Cannot believe I mistyped it. This is one bad question.
3
for(int j=0; i<=2; j++) { 

Is your problem. Try:

for(int j=0; j<=2; j++) { 

Comments

3

I would write it like this:

class MDArrays { private static final int ROWS; private static final int COLS; private static final int START_VALUE; private static final int INC_VALUE; static { ROWS = 2; COLS = 3; START_VALUE = 2; INC_VALUE = 2; } public static void main(String[] args) { final int[][] x; int t; x = new int[ROWS][COLS]; t = START_VALUE; for(int row = 0; row < x.length; row++) { for(int col = 0; col < x[row].length; col++) { x[row][col] = t; t += INC_VALUE; System.out.println(x[row][col]); } } } } 

The major difference is that I use the .length member rather than hard coded values. That way if I change it to x = new int[3][2]; then the code magically works and stays within its bounds.

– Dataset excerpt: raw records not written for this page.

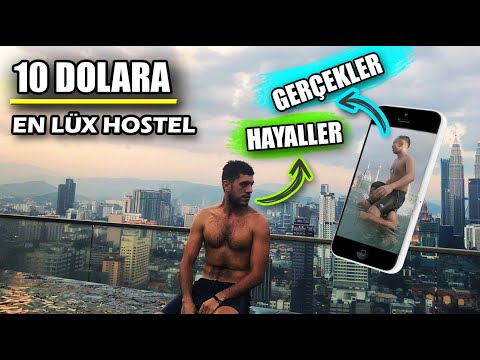 Malezya'da İlk Günüm! 10 Dolara Lüx Hostel-19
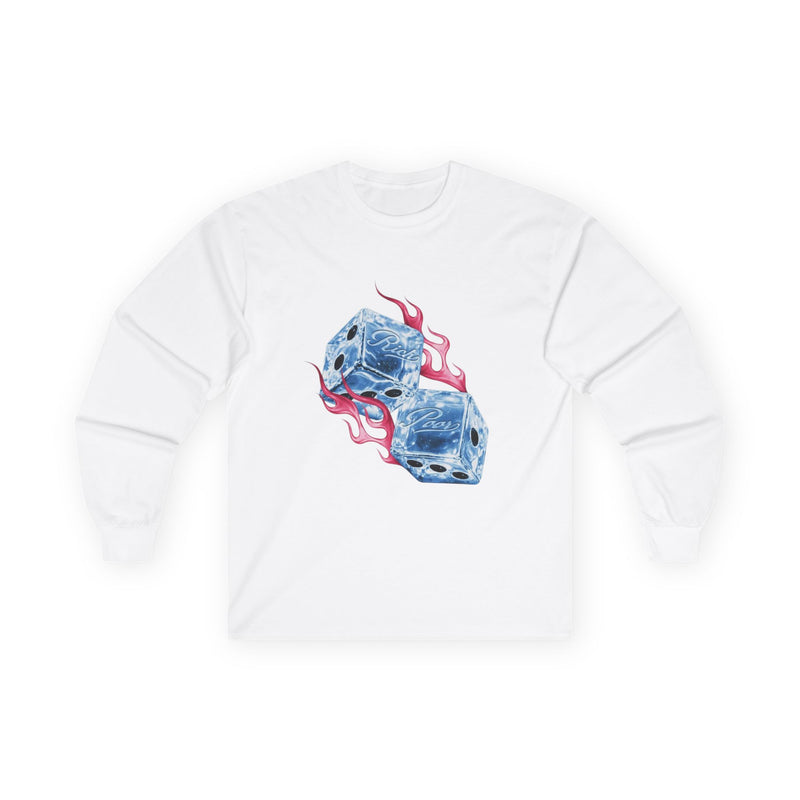 ''Flaming Dice'' Long-sleeve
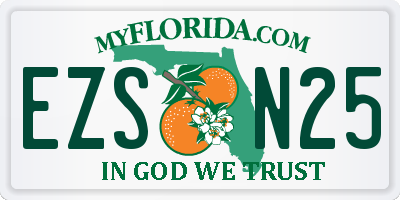 FL license plate EZSN25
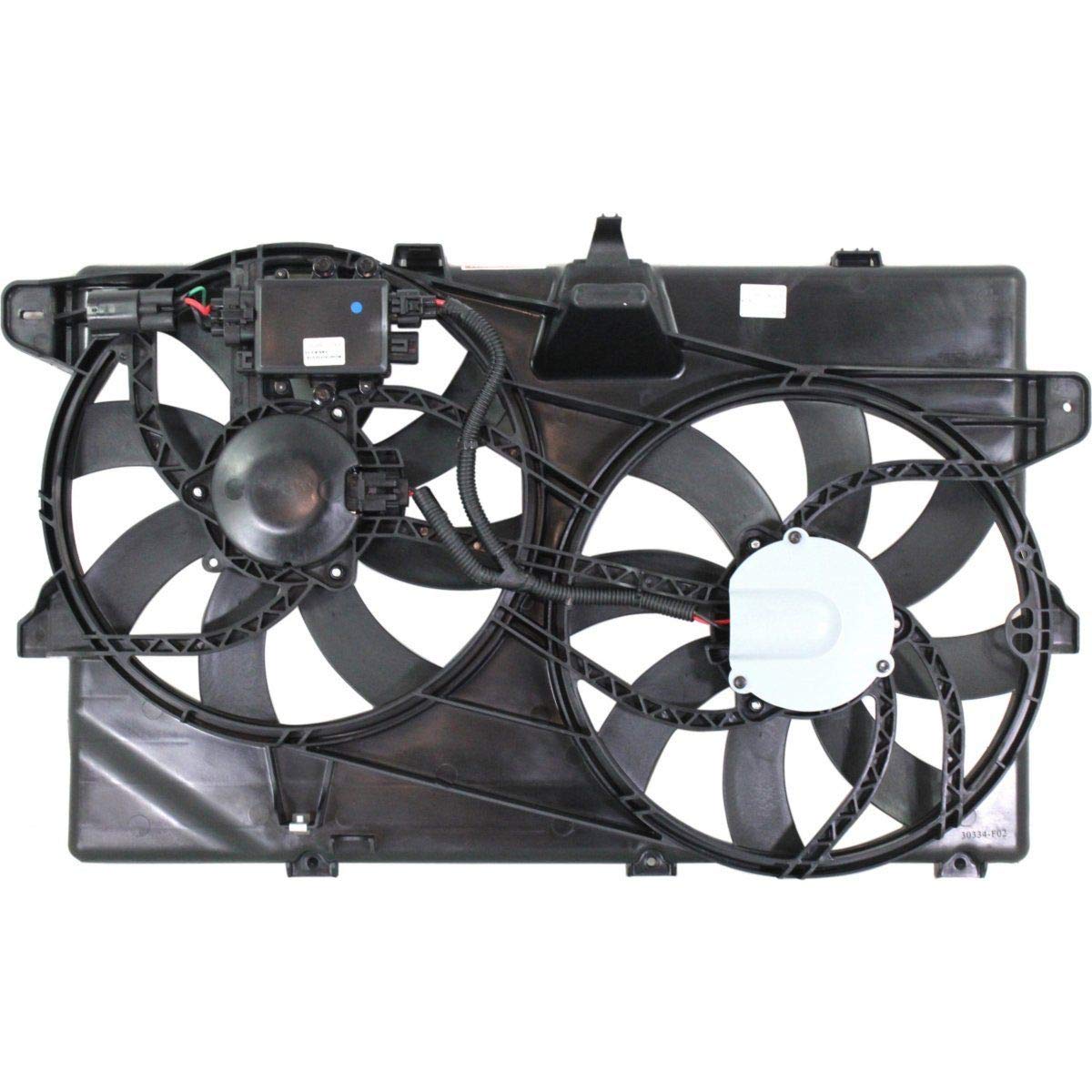 High Performance Radiator Cooling Fan with Control Module for 2007-2013 Ford Edge & Lincoln MKX - Perfect for Engine Overheating Prevention & Summer Driving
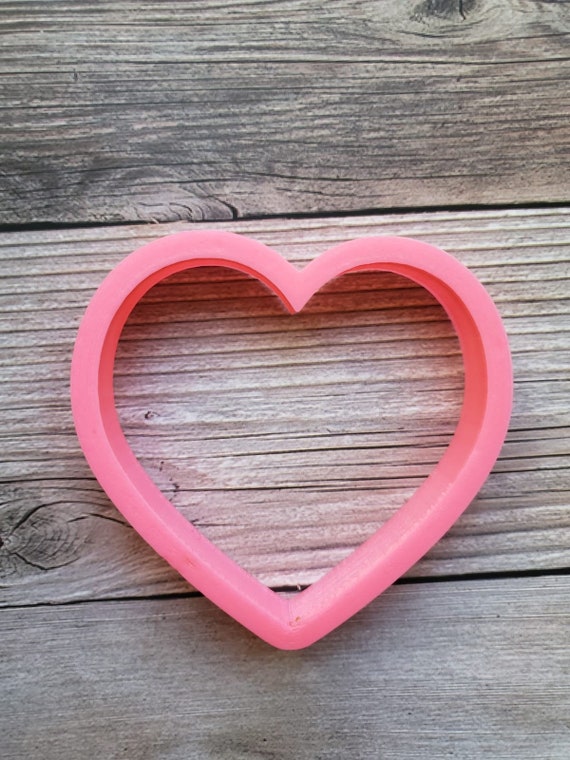 Double Heart Cookie Cutter, Double Heart Fondant Cutter, Double Heart Clay  Cutter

The other big difference is that I use row/col instead of i/j. i/j are fine (and traditional) but I find when dealing with arrays of arrays (Java doesn't actually have multi-dimensional arrays) that it is easier to keep track of things if I use the more meaningful row/col (helps prevent you from doing things like for(int col = 0; row < x.length; col++)... which, incidentally, is the bug you have.

4 Comments

I would also like to get rid of those magic numbers (2 and 3) using private static finals.
yeah, I was going to do that too, but didn't want to make it soooo different - but given you feel that way too I'll do it!
Did not you mean x.length ? Currently at row: for(int row = 0; row < row.length; row++) you get error: The primitive type int of row does not have a field length MDArrays.java /StackOverflow/src line 24 Java Problem
+1 Good point. Many beginners overlook healthy variable names.